The Internet is the future of Media: Convergence Culture (Week 3 Revision)


YouTube matters, not because you can find your favorite videos on the site. YouTube is important because it represents the next generation of media. As Jean Burgess and Joshua Green state “YouTube represents  not so much the collision as the co-evolution and uneasy co-existence  of ‘old’ and ‘new’ media industries, forms, and practices”(Burgess, Green 14). Some corporate interests of big business want to destroy sites like YouTube for piracy reasons while other have learned to embrace. Yet most fail to realize the history of music, film, dance, etc… is a history of piracy. Other professionals such as Henry Jenkins view the site as a location of convergence culture, a place where the old forms of media meet the new. Convergence culture is growing and slowly becoming a phenomenon.
Jean Burgess and Joshua Green view YouTube as a place where participatory culture converges with the culture of corporate America. YouTube is interesting because it is one of the first sites in a long list to represent the people’s interests and corporate interests converging. Some big business found a way to profit off the peoples free culture of the Internet without major disruption by working within the system.
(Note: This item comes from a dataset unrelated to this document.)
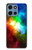 S2312 Colorful Rainbow Space Galaxy Case For Motorola Moto G 5G (2025)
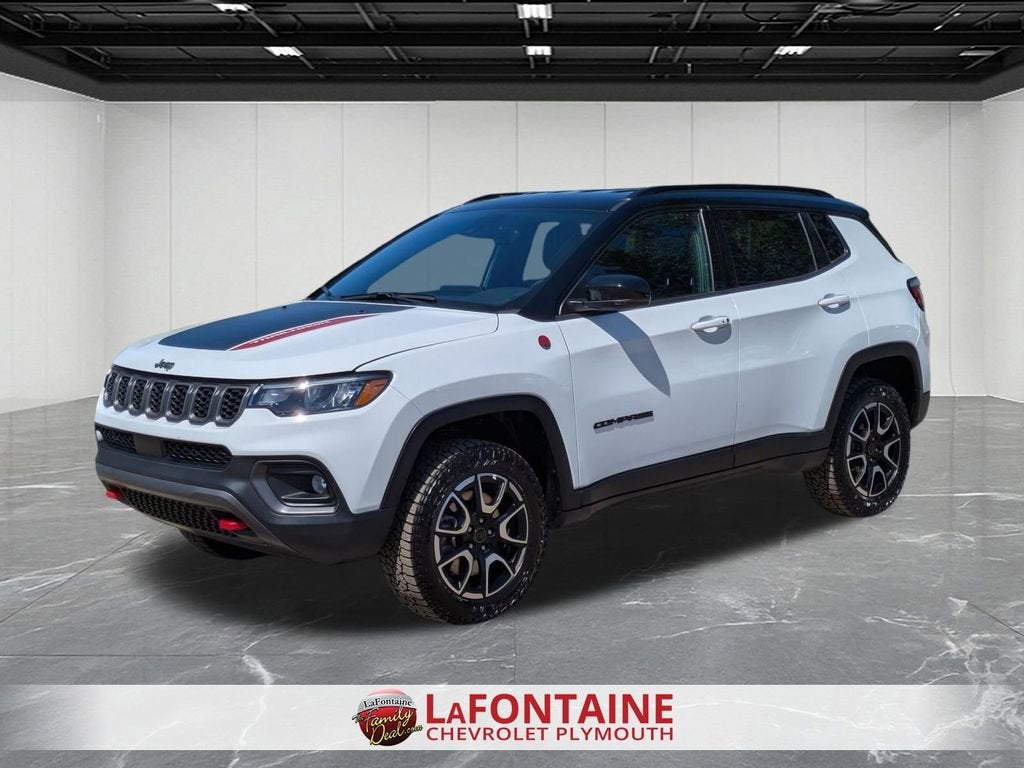 2025 Jeep Compass Trailhawk 4x4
YouTube is still around and used across the globe.  Yet some industries fear the transition, and attempt to impede the free culture to secure their profits. The media industry is at the forefront of this campaign.
Hundreds of sites have been shutdown due to copyright infringement or piracy violations. Napster is a particularly good example because it was the first major peer-to-peer music-sharing site. Record companies became furious because album sales dropped. They sued nester and won but new sites pop up just as quickly as they are destroyed. The actions of record companies are somewhat ironic because they claim to protect artists, even though the company owns the music produced and profits off of it. Media industries do not accept the fact the internet has become a source of major economic power and are willing to compromise the free culture of the internet to prevent the co-evolution of media.

Burgess, Jean, Joshua Green. "YouTube and mainstream media," YouTube.